Ramaphosa squirmed as he tried to modulate his reaction. It would have irked Trump if he replied truthfully that it was ironic that the Afrikaner, the inventor of racist Apartheid, who ‘owned’ 70 percent of privately owned land in the country through murdering and expropriating the black owners, could now be playing ‘poor me’, complaining of expropriation.
He calmly reclaimed the narrative and insisted on staying on the subject. He spoke of the high rates of murder and criminality, which were neither white nor black. He unfurled his shopping list of economic and developmental partnership requests, even when Trump tried to continue with ‘alternative truth’ on the white genocide story. He invited his white Minister of Agriculture to speak on white and black farm violence.
The air grew more genial.
Trump requested South African golfing greats Ernie Erls and Ratief Goosen to ‘say something’, admitting addressing the White House audience for them might be harder than ‘sinking a three-footer’ on the golf course.
The focus came back to how trade, investment and growth were the real key to the future. South Africans wanted American technology to fight rampant crime.
The next summit of the G-20, currently headed by Ramaphosa, would take place in November in Cape Town. Ramaphosa wanted Trump to be there to take over the headship from him.
As the theatre ended, some things were clear. The voice of Malema or Zuma, singing ‘Shoot the Boer’, was already the road not taken in South Africa. Madiba had plugged for a Rainbow Nation-for-all, and demarcated the middle ground to sustain it, forswearing the retributive temptation to ‘drive the white man into the sea’, and forswearing civil war by openly and intentionally embracing Gashua Buthelezi and the Zulu nation.

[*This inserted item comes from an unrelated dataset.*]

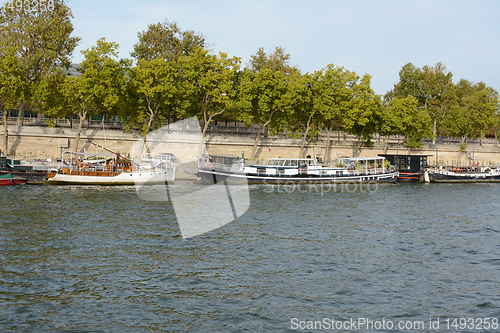 Image of Small riverboats moored on the Seine in Paris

In his bed, in the dead of the night, Cyril Ramaphosa perhaps would reflect that the Mandela vision had held, barely, through the most rigorous public examination of his nation’s bona fides. Keeping Elon Musk and the Afrikaners on board, no matter what, was his own equivalent of Madiba’s destiny-changing embrace of Buthelezi. The future was a little more secure.
But with 45 percent youth unemployment, the highest murder rate in the world, a growing, problematic anti-African xenophobia, and racism and vestiges of Apartheid sentiment still on show when the skin was scratched, there was a lot of work to be done, yet.